Stabbing Westward formed in 1985 and began releasing albums in the early 90s. Their current lineup is Christopher Hall, Walter Flakus, Carlton Bost, and Bobby Amaro on drums. Chris and Walter are original members while Carton and Bobby joined in the last 5 years. It’s a little fuzzy about who plays what, though Chris is obviously on vocals and guitars, Walter seems to play keys and samples, Carlton seems to be on bass and guitar, and Bobby is definitely on drums.
This band has been compared ad nauseam to many other groups out there. They play an alternative rock that is heavy on industrial and electronic sounds, with a side of psychedelia. You’ll see them compared to Nine Inch Nails and grunge bands and nu metal bands, but they never really fit in with any of them. They were always a little different, and they predate most of those other bands anyways.
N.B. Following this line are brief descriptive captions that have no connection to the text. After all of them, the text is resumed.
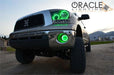 Low aggressive shot of a Toyota Tundra with green LED headlight and fog light halos installed.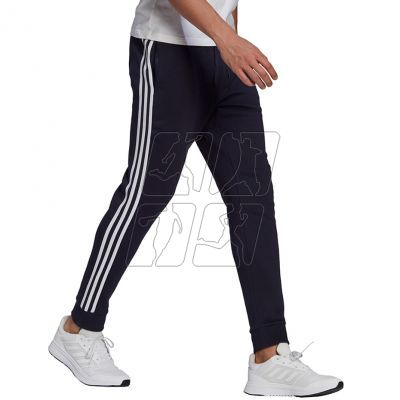 3. Adidas Essentials Fleece Tapered Cuff 3-Band M GK8823 pants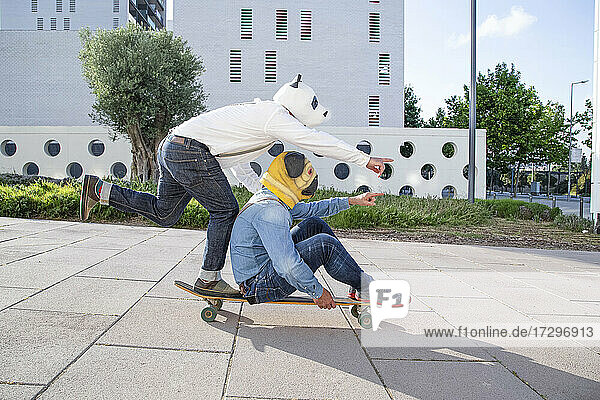 Two men with animal mask on longboard in park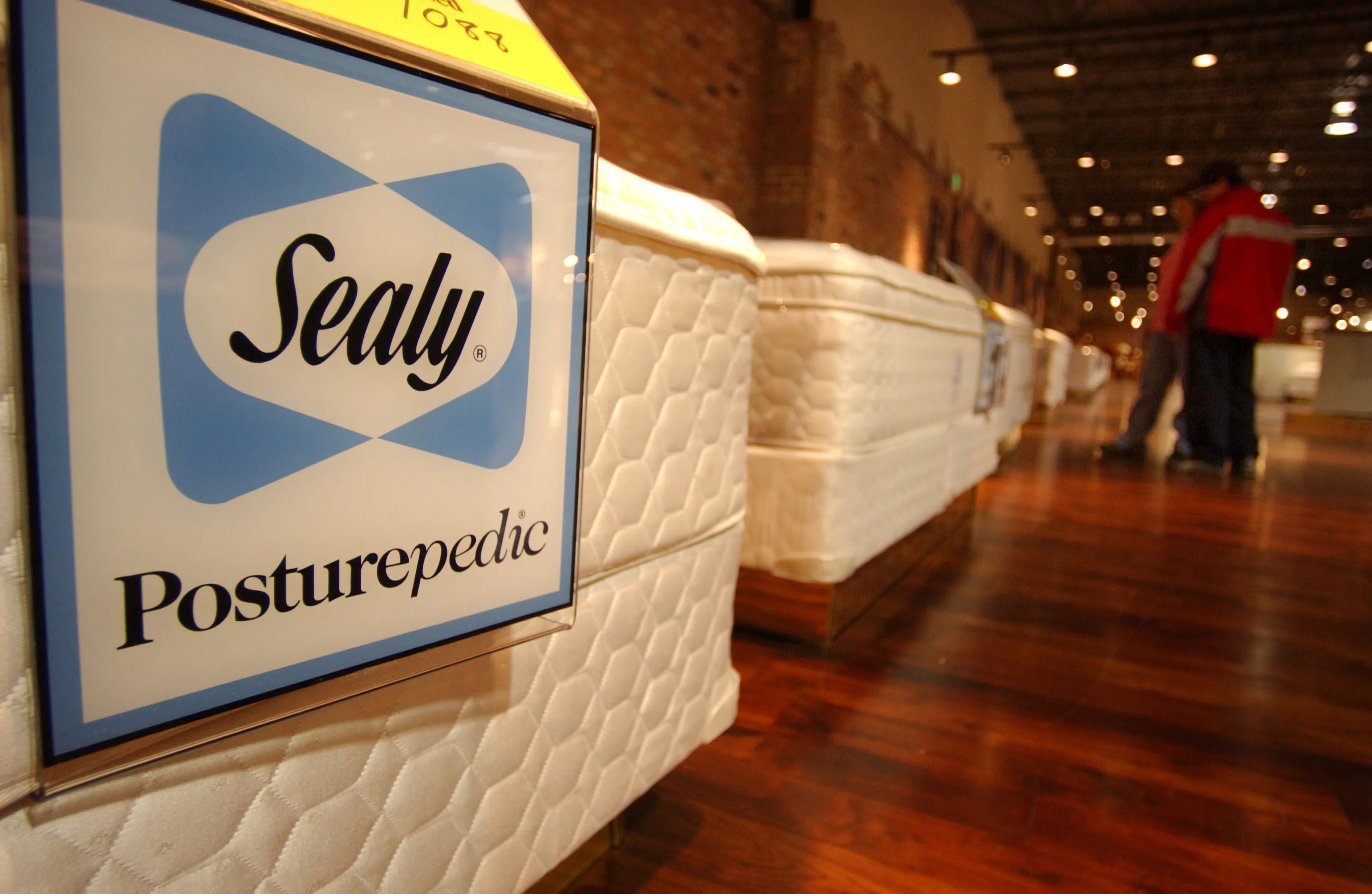 A Selection Of Sealy Beds Sit On Display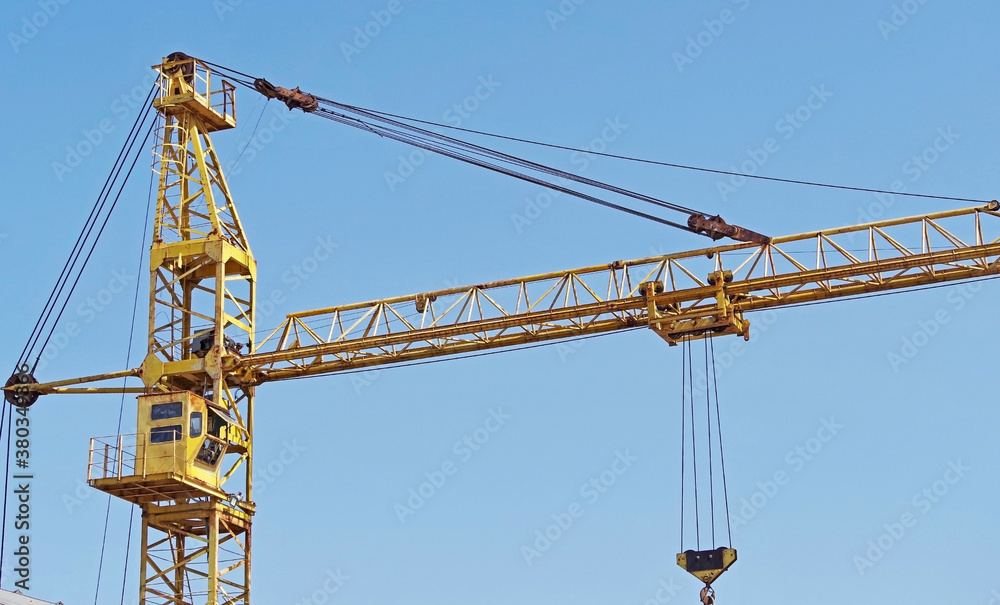 yellow construction crane tower on background sky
Stabbing Westward’s beating heart is Christopher Hall and his spine-shattering vocals. Here he is, 20 years later, and I think his vocals might be better than ever. The band has always been about emotion and angst, and much of that is channeled through Chris’ amazing higher range—not quite a scream but with all the power that a scream carries. On Chasing Ghosts, Chris is in incredible form. His performance is not only powerful and nuanced and heartfelt, but also relatable and nostalgic.
Another heart of the band is Walter’ keys and electronica. I’m happy to say that the band has delved deeply in this area. While there are plenty of dark riffs that are greatly satisfying, much of the music is keyboard-based, especially to create atmosphere or a build up to climactic segments. I love the keyboard tones chosen on this record, as they add an eerie, haunting sound to the mix. I would also point to Carlton’s bass and Bobby’s drums as highlights. The bass lines here are groovy and riveting, and the rhythm section really makes the album feel alive.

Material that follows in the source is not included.